When Ribeiro and Calistro divorced, she was worried that she might lose her job. She asked her ex-husband to sign an agreement saying she could stay in the business for three years.
“I needed to know that I could continue working here and earn an income,” she said.
That security calmed her nerves and gave them time to find a way to work together.
Be upfront with employees
When owners divorce, the employees, not unlike children in a divorce, often pick sides. If that happens, Lansberg said, the company can fall apart quickly.

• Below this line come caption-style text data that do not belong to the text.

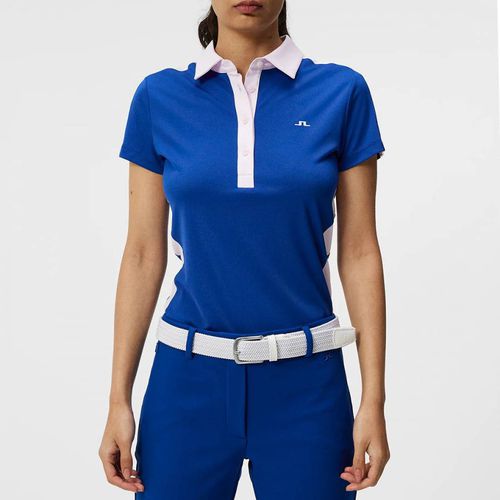 Blue Jada Polo - J.Lindeberg - Modalova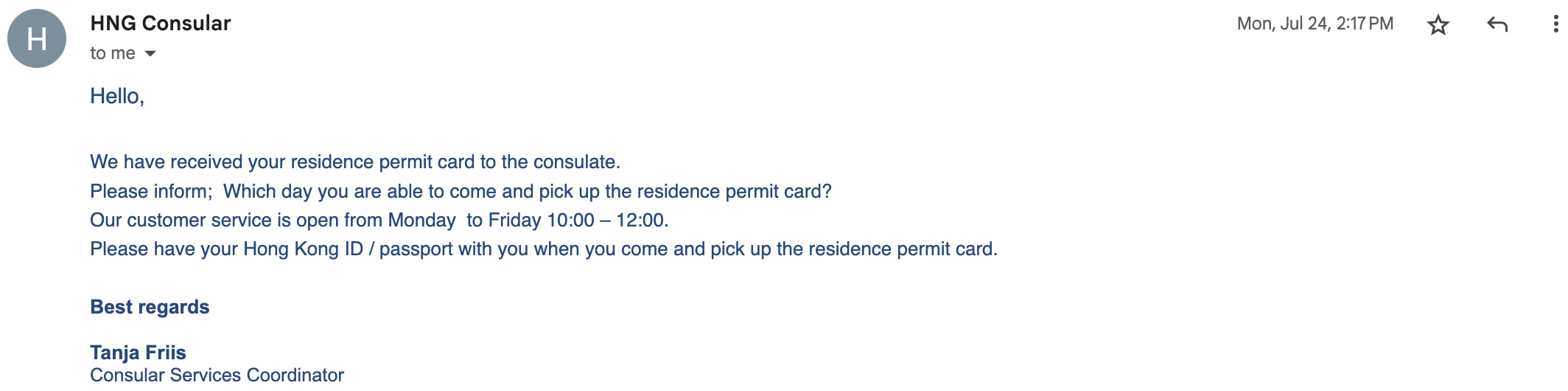 Permit Collection
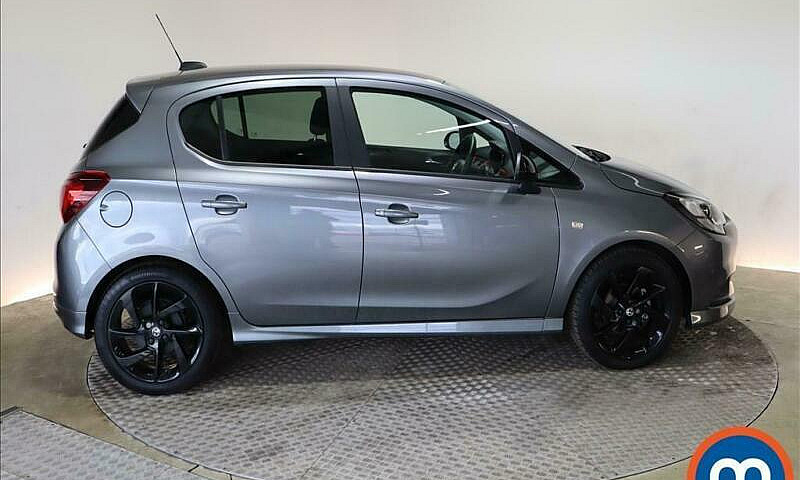 2019 Vauxhall Corsa ...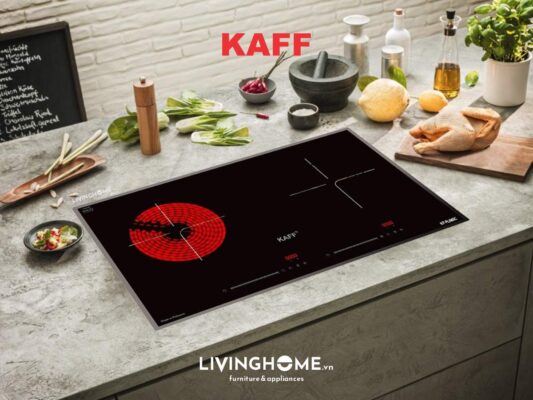 Review Bếp Điện Từ Kaff KF-FL68IC 1 Điện 1 Từ: Có Tốt Không, Giá Bán? 11 Bếp Điện Từ Kaff KF-FL68IC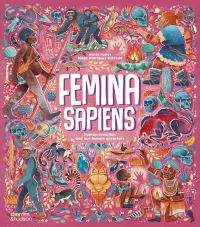 Book Cover for Femina Sapiens by Marta Yuste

Divorcing owners, he said, need to be upfront about what is happening. If employees hear the news from someone else, they are likely to feel betrayed and worry about their jobs.
“If people get wind of it, it tells them something about their connection to you,” he said. “They’ll feel like you don’t trust them.”
He suggests couples come up with a common story that they can share. Reassure staff members that the issues are being dealt with, he said, and that the company is not going to be affected.
Of course, many people are not comfortable being that open. Blackwell, for example, did not make any formal announcement, although some staff members knew what was going on.
“I felt sorry for the office administrator,” she said. “There was a lot of hollering and screaming.”
Allen took Lansberg’s approach. After the separation, she and her husband sat down with their employees and told them.
“We knew we needed to be the first ones to tell them,” she said.
They told the staff that while the separation had been a long time coming, they still respected each other and wanted to continue in the business.
The employees, she said, “were polite and thankful that we told them. They were happy that they knew their jobs were secure.”
As difficult as it is to run a business with a former spouse, Allen, Blackwell, Ribeiro and Calistro all said that it gets easier after about two years.